Pulmonary Artery Pseudoaneurysm in RA
Published in the Indian Journal of Rheumatology, the authors present a case of pulmonary artery pseudoaneurysm (PAP) detected on contrast-enhanced computed tomography (CECT) with angiography in a patient with rheumatoid arthritis (RA) in the absence of other known causes.

Patient was a 56-year-old female who was a diagnosed to have RA 5 years ago. She was on hydroxychloroquine 200 mg once daily. She presented with one bout of hemoptysis (200–300 ml) about 3 months back. Plain CT thorax done in a peripheral hospital showed the left upper lobe consolidation, and she was given symptomatic treatment and a course of antibiotics. Thereafter, she had occasional streaks of blood in a cough.

She was referred to the pulmonary medicine department in view of persistent left upper lobe consolidation with cavities on follow-up X-ray. There was no history of fever, weight loss, or diabetes. She had no history of tuberculosis, pulmonary catheterization, or trauma. On examination, the patient had mild pallor and normal body habitus. Both the upper and lower limb pulses were palpable.

Small joint deformities were seen in both hands. The blood pressure was within normal limit. There were no oral, cutaneous, or genital ulcers. Clinical examination of rest of the systems was within normal limit. Rheumatoid factor (RF) was negative. The sputum was negative for acid-fast bacillus, fungus, or malignant cells.
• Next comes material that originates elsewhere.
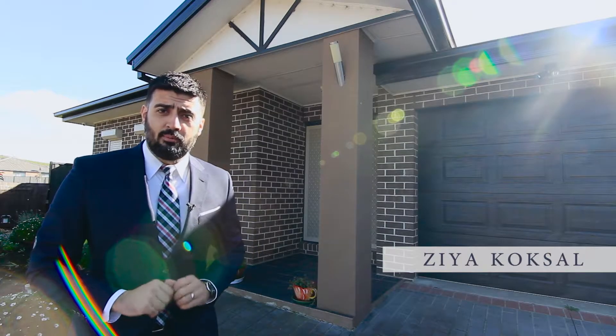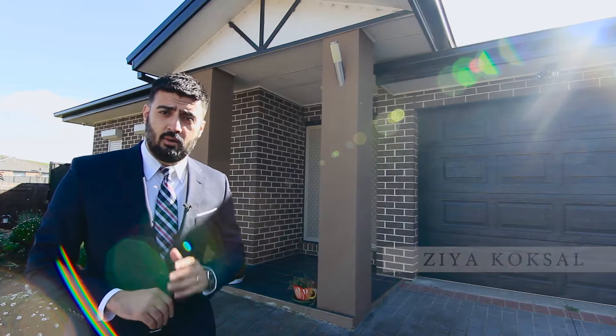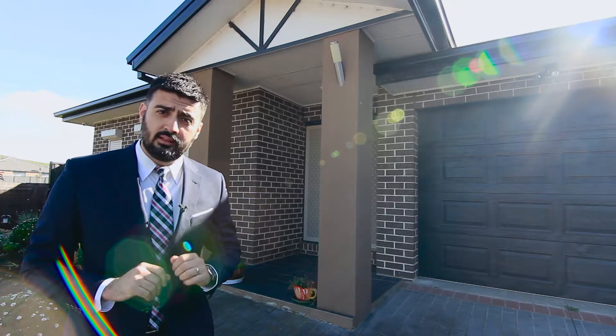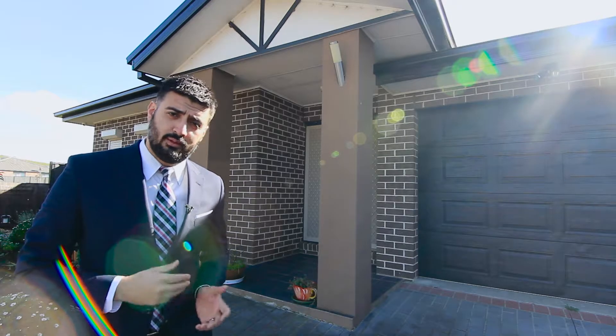A spacious family home situated in one of Roxa Park's most sought-after pockets. My name's Zia Coxall and welcome to number 16 Snowdon Place in Roxa Park. Come on in for a tour.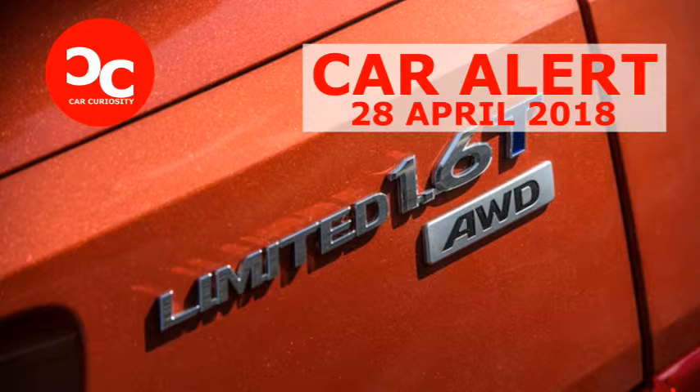It offers plenty of torque and, in sportier applications, lively performance. Two versions of the 1.6L Turbo 4 exist: a performance-oriented unit found in the Elantra Sport, GT Sport, Veloster Turbo, Kia Soul Turbo, and Forte 5SX, plus an efficiency-minded one used in the Tucson, Sonata Eco, and Kia Optima LX 1.6T.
CECT thorax revealed a wide-necked round avidly enhancing lesion of size 11 mm × 10 mm arising from the left pulmonary artery suggestive of a pseudoaneurysm with peripheral rim of thrombosis. It was compressing the left upper lobe bronchus with the collapse of the left upper lobe. Mucous-filled bronchi and cavities with air-fluid levels were seen in the collapsed lung.

No endobronchial mass, interstitial lung disease, pulmonary embolism, or pleural effusion was seen. She was administered an intravenous injection of tranexamic acid and referred for percutaneous embolization of the aneurysm to prevent mortality from sudden hemorrhage. The patient was lost to follow-up.